Your assignment:
The records underneath are to be printed in full and exactly, with no pictures carried over.

(Source records)

┄┄┄┄┄┄

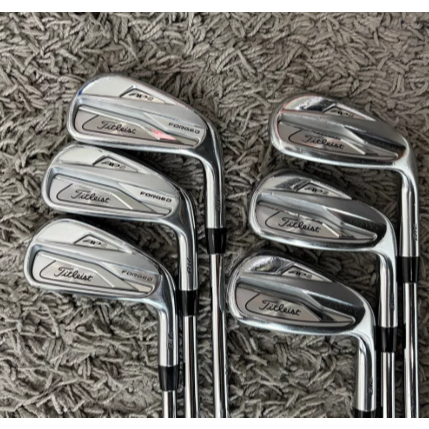 Titis Golf | Stick Golf Iron Set Titleist AP2 718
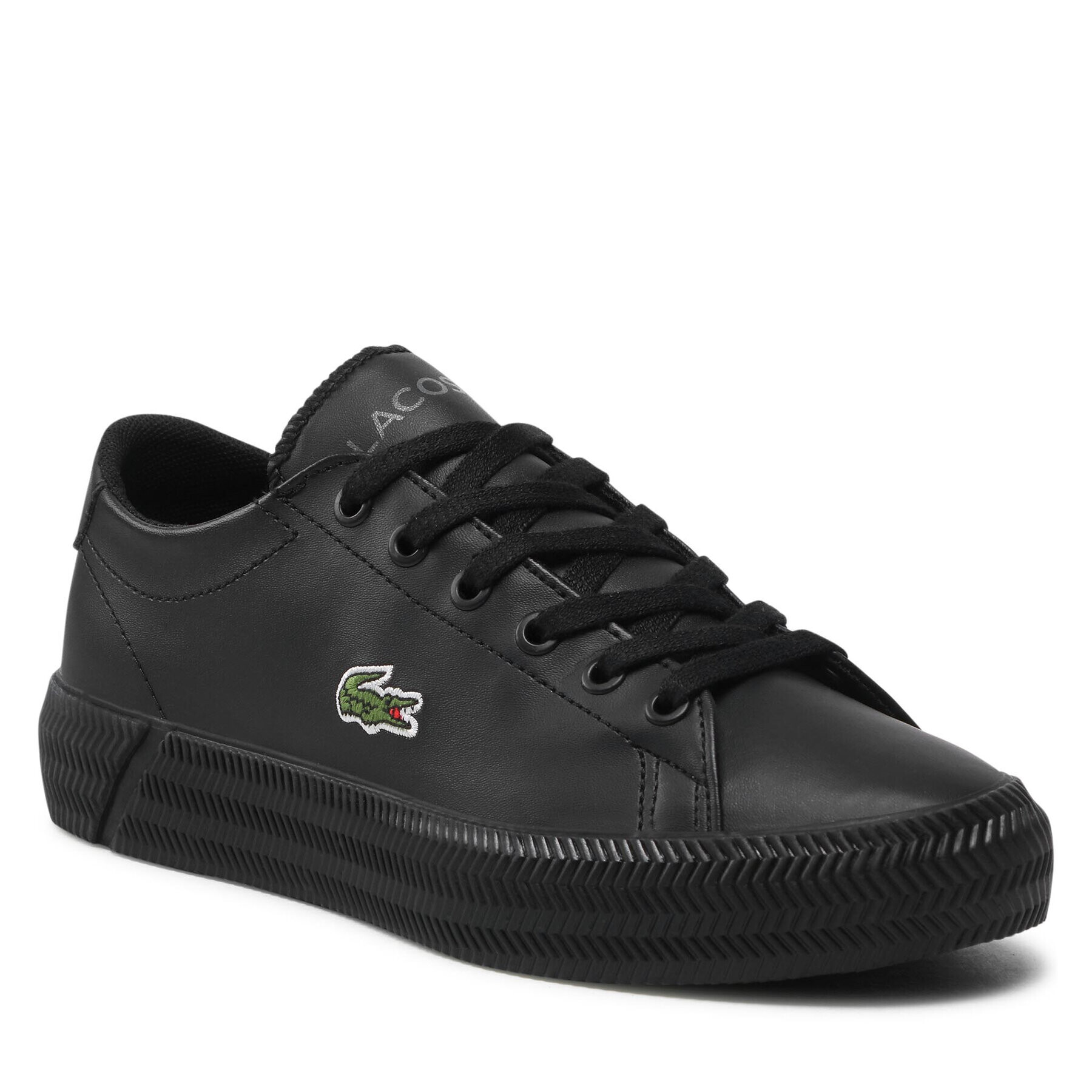 Lacoste Гуменки Gripshot 222 1 Cuj 7-44CUJ000302H Черен - Pepit.bg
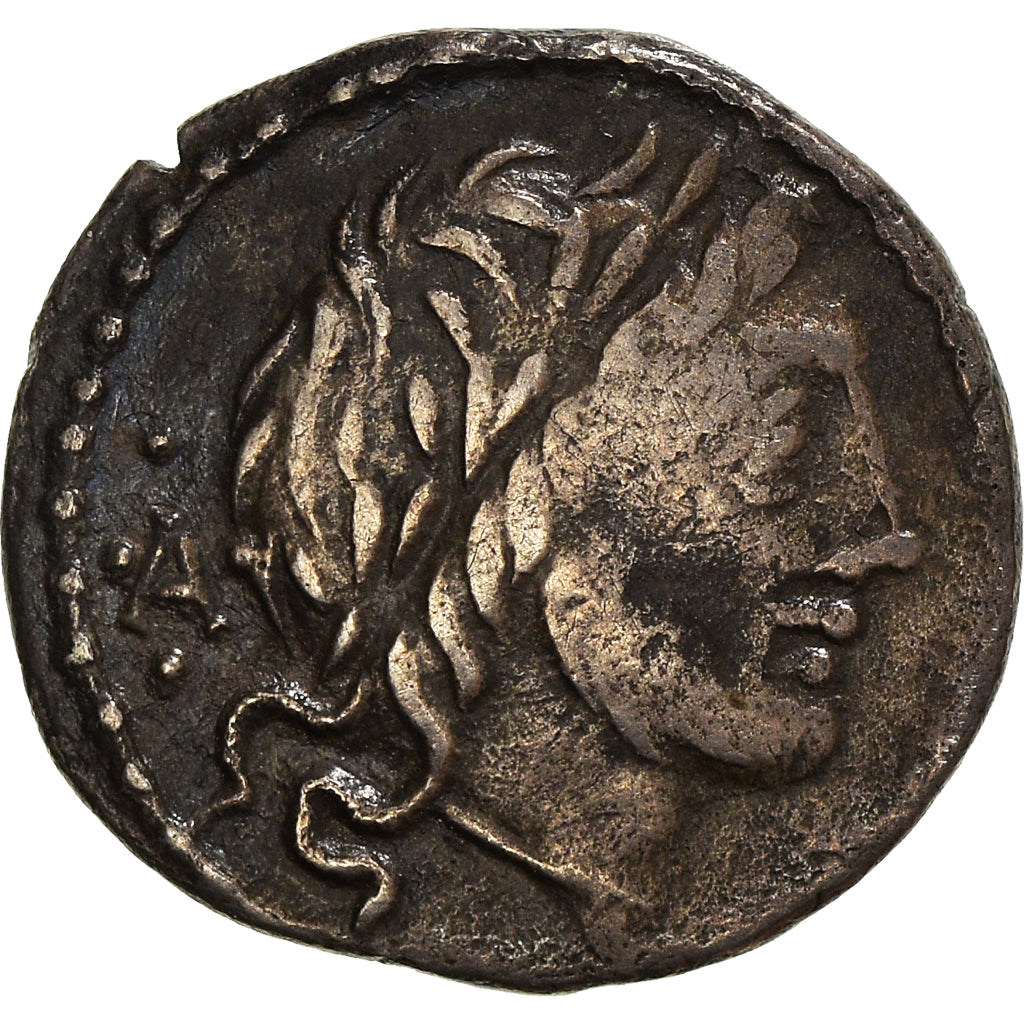 Münze,
Sabina,
Quinarius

┄┄┄┄┄┄

Completed task:
 Titis Golf | Stick Golf Iron Set Titleist AP2 718
 Lacoste Гуменки Gripshot 222 1 Cuj 7-44CUJ000302H Черен - Pepit.bg
 Münze,
Sabina,
Quinarius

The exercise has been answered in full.